_WHAT TO DO_. Below are some records. Return exactly their lines from the one containing "image for item" through the one containing "戚薇时尚图鉴##火星情报局", and drop the pictures.

_SUPPLIED INFORMATION_.
★ ★ ★

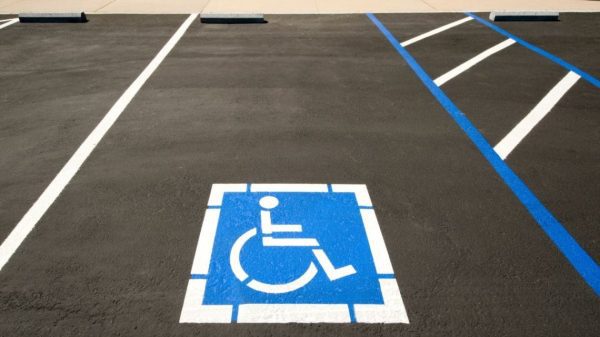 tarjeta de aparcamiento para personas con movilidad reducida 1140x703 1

★ ★ ★

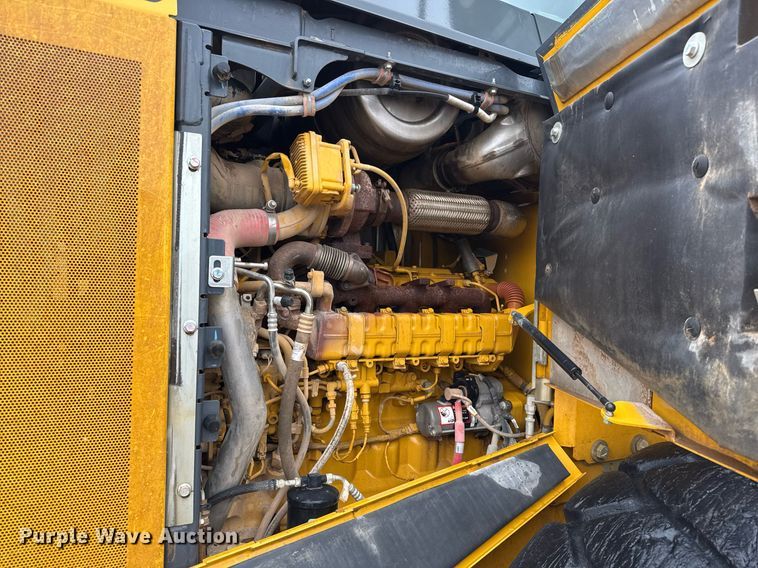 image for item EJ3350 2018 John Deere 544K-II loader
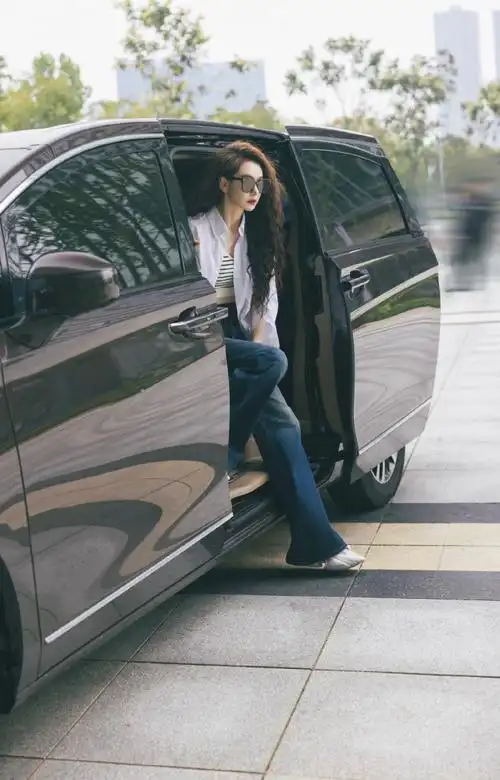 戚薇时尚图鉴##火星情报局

★ ★ ★

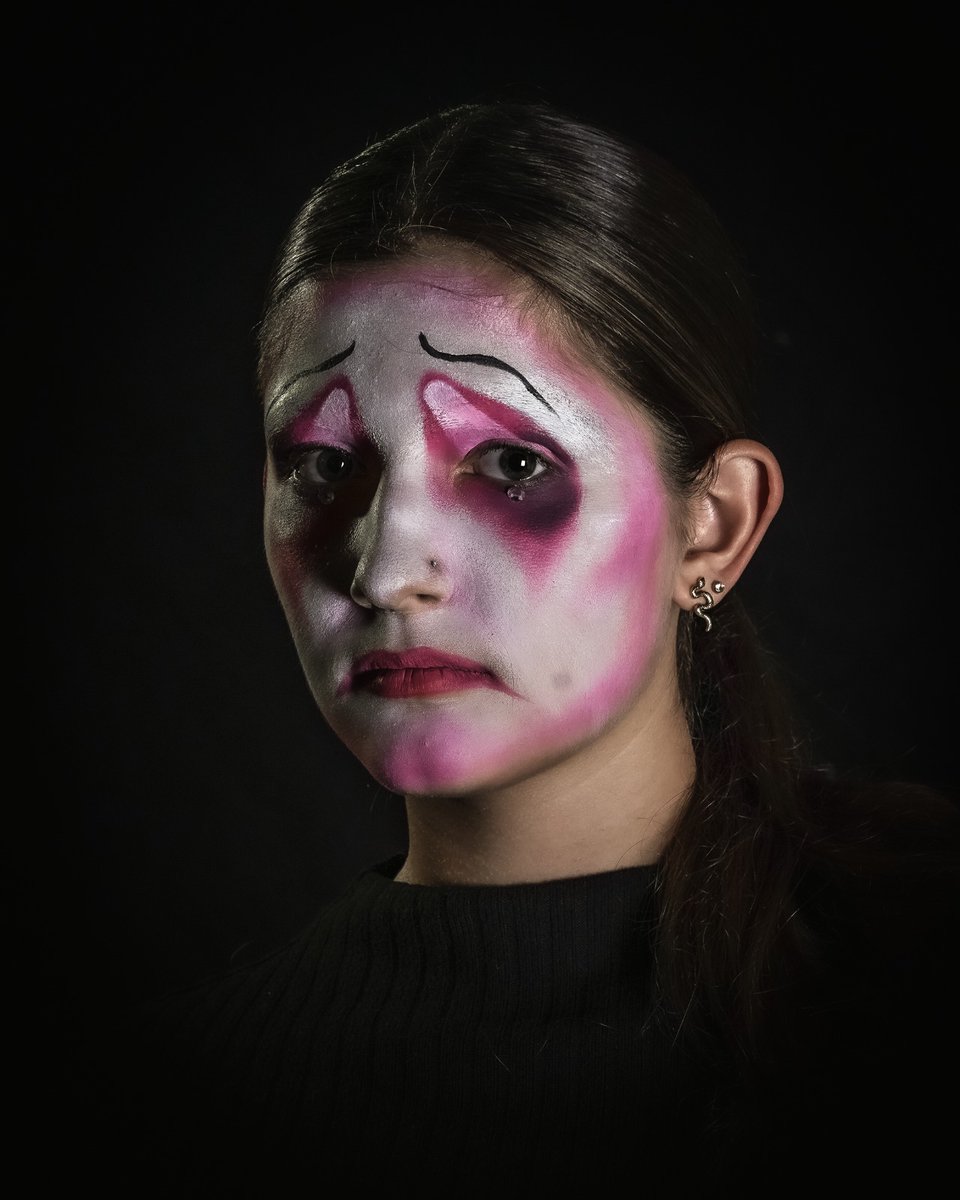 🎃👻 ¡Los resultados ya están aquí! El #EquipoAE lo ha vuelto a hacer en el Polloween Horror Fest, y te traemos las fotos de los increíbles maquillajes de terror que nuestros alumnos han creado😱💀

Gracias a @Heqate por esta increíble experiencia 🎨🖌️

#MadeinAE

★ ★ ★

_WRITTEN SOLUTION_.
 image for item EJ3350 2018 John Deere 544K-II loader
 戚薇时尚图鉴##火星情报局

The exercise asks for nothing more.